Once again, champion Dan Skelton dominated proceedings with a winner, a head second and a third from 3 runners. The Championship leader has laid out his stall to beat Martin Pipe's record of winners trained in a season, and is already in a different county to his peer group, having earned £400,000 before the end of June from 50 winners, a remarkable 41% strike rate.
Riding honours however sat with Sam Twiston-Davies, who scored a double for father-son partnership Nigel & Willy with Bagheera Ginge and for Anthony Honeyball with Gore Point.
Bagheera Ginge is rapidly becoming a Stratford specialist, having won his maiden over the smaller obstacles here in 2022. This was a third victory at Luddington Road, following a comfortable 7l beating of Grillon de Monty here six weeks ago. Indeed, his only other chase win has been at Warwick, and he has yet to win outside the county.
Capitalizing on the small field for the 2m6f handicap chase, Sam T-D sent him out in front, he was briefly challenged by Nickelforce and She Is For Me Boys before shaking them off for a 9 1/2l success.
Anthony Honeyball wouldn't be among most people's list for a summer jumps candidate, and he has the luckless Ben Jones to thank for a fortuitous success in the Sun Racing Home of Racing novices Handicap chase, over a 3f shorter distance than the previous handicap. Jones, riding the Emma Lavelle-trained A Little Something, pecked at the last with the race in the bag, tipping jones out of the side door, for Twiston-Davies to pick up the pieces with Gore Point. Ouch.
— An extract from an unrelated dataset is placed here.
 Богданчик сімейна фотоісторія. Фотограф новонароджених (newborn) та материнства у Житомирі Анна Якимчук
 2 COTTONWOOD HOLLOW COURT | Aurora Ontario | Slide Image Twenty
Punters have latched on to Skelton-trained horses life a lifeline this past two months with good reason, and a majority of his runners have been sent off at short odds. In the Visit Racingtv Handicap Hurdle over the minimum trip, they sent off the Skelton runner at a generous 11/4 in favour of Juan Bermudez, a winner here a month ago, and the mount of Lily Pinchin.
Whilst there was only 1 1/2l between the first three at the line, top weight definitely anchored the favourite, and Skelton Jnr, with the advantage of the inner on Playful Fox made the best of his way home. The second, Reteti, was a shade unlucky, having been struck in the face at the last by Skelton's stick, and going down by just a half length; surely worth following next time off a similar weight.
Team Skelton had to play second fiddle to arch rivals the Bowens in the 2m 6f novices handicap hurdle. Sean Bowen had Slack Alice up at the head of affairs throughout, and was challenged by Harry Skelton on odds-on favourite Back To Cali at the last, but held on by a head. The second has some tidying up to do in the jumping department.

Ben Haslam is another trainer not best known for summer Jumps runners, but he'd made the longest journey down from Middleham so Wicksey's reeling in of the Skelton-trained High Aura in the juvenile hurdle wasn't the greatest surprise. Rider Richie McLernon is another whose rides are sparing during the summer and this was a fifth success since the counters went back to zero.
This racing TV sponsored card concluded with a mares handicap hurdle, which saw Theo Gillard and Donald McCain team up successfully with 22/1 outsider Roarin' Success, a neck ahead of the similarly priced Northern Rose. The stewards noted the stable's use of a tongue strap as they questioned the improvement in form, but there was no obvious plunge to watch here; it looked another case of a quirky result in a poor quality race, albeit 14 runners is a welcome novelty in this dry spell.
And we get to do it all over again tomorrow evening, the first at 1818!